### What you will do
Lines from the records below that contain the word "Ford" are to be copied out.

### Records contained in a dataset
- Opening Delimiter -

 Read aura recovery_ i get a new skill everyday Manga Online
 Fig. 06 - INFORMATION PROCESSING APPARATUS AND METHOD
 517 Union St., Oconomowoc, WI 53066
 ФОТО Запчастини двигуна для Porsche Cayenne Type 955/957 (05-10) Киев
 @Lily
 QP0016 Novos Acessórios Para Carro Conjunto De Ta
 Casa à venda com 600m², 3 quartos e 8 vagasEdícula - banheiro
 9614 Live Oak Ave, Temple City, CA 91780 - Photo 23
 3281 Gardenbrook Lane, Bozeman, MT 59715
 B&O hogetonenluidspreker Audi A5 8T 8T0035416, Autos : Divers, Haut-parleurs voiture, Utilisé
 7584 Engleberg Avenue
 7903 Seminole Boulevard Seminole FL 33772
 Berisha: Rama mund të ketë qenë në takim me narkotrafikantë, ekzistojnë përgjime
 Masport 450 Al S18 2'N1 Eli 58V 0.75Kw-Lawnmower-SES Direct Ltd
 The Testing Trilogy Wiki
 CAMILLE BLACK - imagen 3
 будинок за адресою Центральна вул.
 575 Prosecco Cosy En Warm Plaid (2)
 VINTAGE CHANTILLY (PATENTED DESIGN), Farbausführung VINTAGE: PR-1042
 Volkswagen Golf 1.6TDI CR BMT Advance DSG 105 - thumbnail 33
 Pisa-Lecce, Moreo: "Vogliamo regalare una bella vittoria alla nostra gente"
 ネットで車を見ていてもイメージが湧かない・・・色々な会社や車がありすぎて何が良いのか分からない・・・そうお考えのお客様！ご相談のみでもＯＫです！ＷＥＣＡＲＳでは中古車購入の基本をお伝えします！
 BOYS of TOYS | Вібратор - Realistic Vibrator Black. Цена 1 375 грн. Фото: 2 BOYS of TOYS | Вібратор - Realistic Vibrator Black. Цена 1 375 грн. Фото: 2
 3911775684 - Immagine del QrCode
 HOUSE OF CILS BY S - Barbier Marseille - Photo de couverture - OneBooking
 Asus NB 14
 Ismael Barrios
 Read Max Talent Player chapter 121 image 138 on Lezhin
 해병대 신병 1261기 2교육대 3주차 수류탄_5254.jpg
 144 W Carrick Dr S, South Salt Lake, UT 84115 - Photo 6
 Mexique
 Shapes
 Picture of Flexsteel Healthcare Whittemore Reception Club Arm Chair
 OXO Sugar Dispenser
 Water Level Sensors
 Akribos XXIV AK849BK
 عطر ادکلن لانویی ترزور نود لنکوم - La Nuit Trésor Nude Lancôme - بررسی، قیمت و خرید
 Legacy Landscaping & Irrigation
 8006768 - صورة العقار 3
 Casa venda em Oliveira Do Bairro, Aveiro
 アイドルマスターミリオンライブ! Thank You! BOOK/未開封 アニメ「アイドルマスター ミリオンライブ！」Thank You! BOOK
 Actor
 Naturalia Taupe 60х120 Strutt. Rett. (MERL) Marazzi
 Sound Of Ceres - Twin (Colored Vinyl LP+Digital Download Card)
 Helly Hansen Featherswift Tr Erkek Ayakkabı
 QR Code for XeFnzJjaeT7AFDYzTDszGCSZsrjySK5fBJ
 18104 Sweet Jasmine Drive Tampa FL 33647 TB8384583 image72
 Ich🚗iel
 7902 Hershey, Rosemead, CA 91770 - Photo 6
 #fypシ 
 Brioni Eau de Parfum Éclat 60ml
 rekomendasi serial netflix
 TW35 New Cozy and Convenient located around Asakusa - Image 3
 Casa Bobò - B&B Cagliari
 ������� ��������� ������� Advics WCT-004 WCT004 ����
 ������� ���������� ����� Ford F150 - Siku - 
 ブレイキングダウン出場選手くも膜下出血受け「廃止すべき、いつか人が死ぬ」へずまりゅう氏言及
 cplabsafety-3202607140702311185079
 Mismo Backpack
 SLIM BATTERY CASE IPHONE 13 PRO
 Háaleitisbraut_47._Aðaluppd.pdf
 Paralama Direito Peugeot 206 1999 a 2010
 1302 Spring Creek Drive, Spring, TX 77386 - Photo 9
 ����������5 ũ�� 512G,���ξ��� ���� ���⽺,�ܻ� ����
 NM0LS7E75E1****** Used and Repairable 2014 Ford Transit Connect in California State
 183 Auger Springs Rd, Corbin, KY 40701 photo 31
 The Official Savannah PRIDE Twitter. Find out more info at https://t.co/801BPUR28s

- Closing Delimiter -

### Answer to the exercise
 ������� ���������� ����� Ford F150 - Siku - 
 NM0LS7E75E1****** Used and Repairable 2014 Ford Transit Connect in California State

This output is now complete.